#### Task input
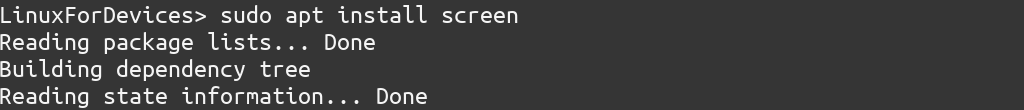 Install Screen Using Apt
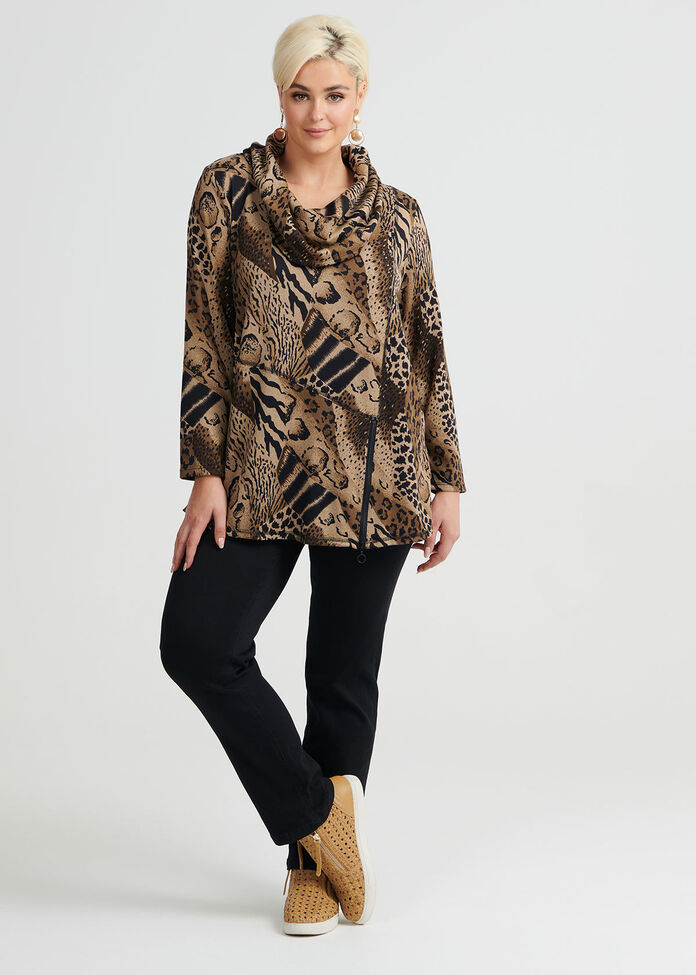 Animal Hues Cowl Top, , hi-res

...

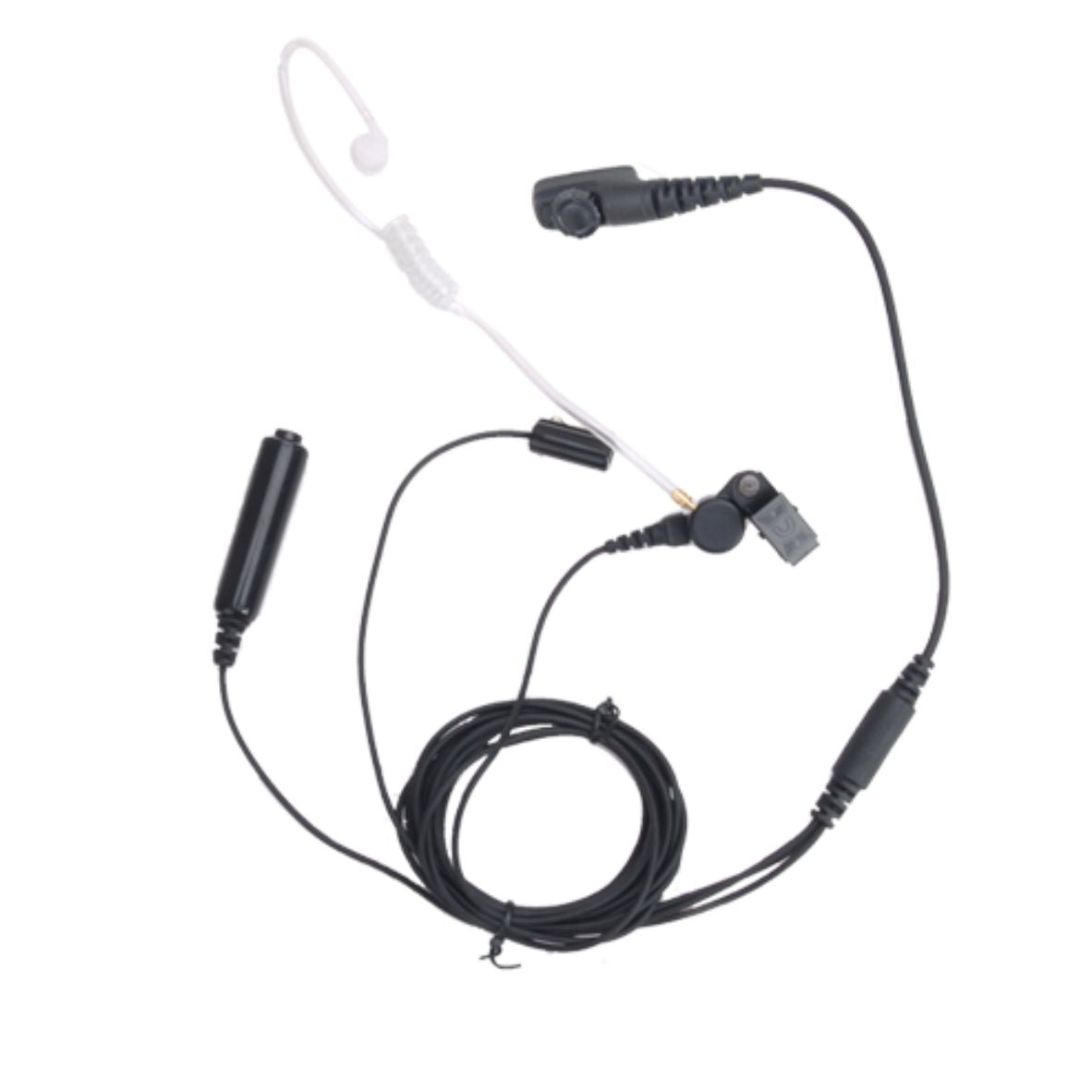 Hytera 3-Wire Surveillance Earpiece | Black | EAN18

--

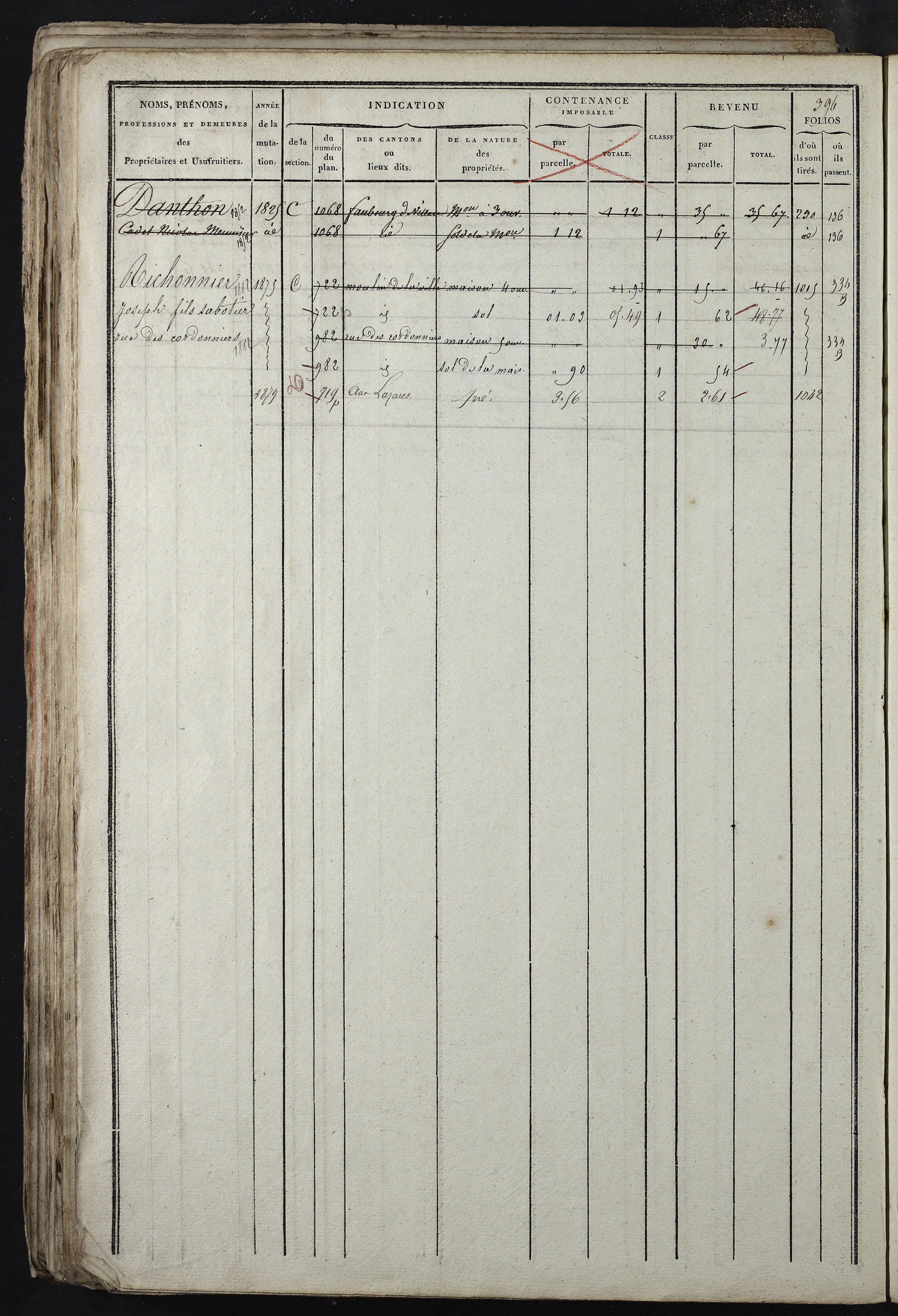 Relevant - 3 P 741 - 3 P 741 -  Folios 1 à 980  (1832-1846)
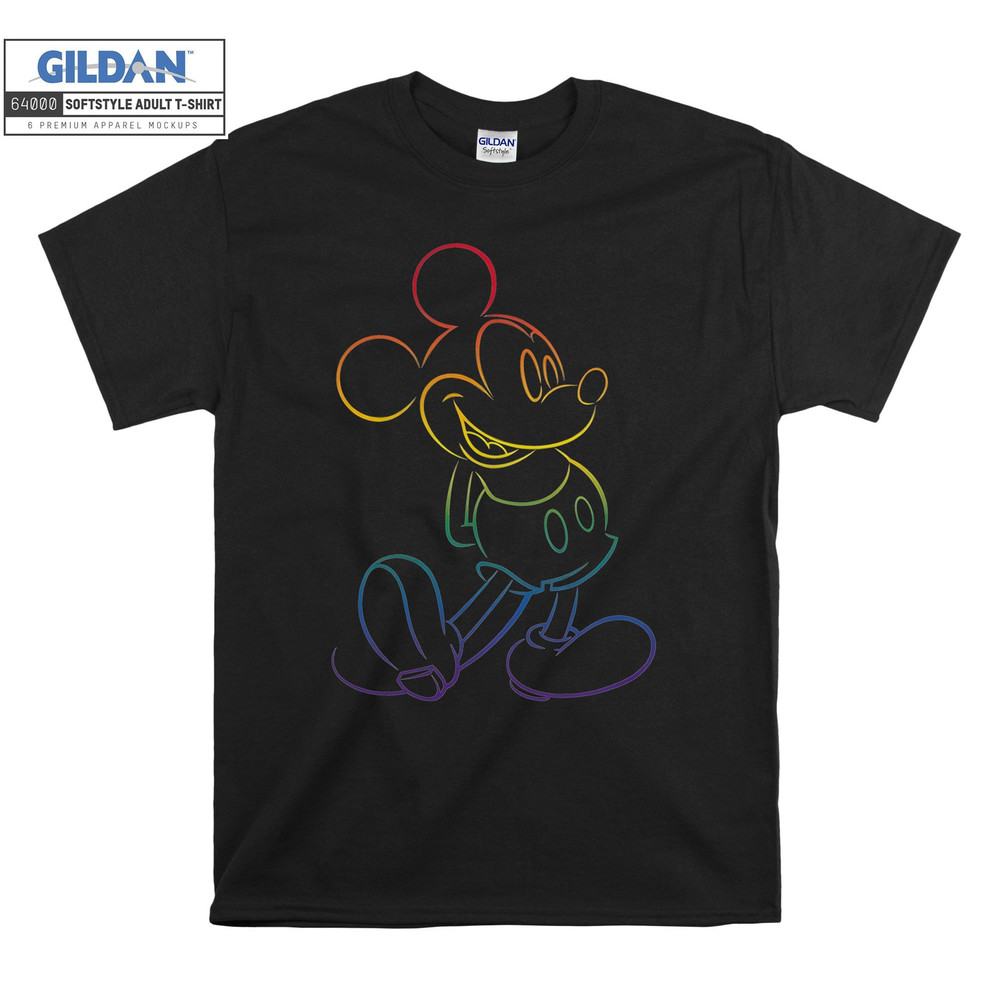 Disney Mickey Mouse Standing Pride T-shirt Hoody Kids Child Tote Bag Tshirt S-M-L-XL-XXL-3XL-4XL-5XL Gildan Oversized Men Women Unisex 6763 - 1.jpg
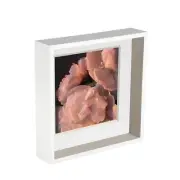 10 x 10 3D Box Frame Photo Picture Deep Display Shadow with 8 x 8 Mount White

#### Task to carry out
Using the data above, retype exactly and only the lines from the one containing "Install Screen Using Apt" up to and including the one containing "Animal Hues Cowl Top, , hi-res", with no pictures carried over.

#### Answer
 Install Screen Using Apt
 Animal Hues Cowl Top, , hi-res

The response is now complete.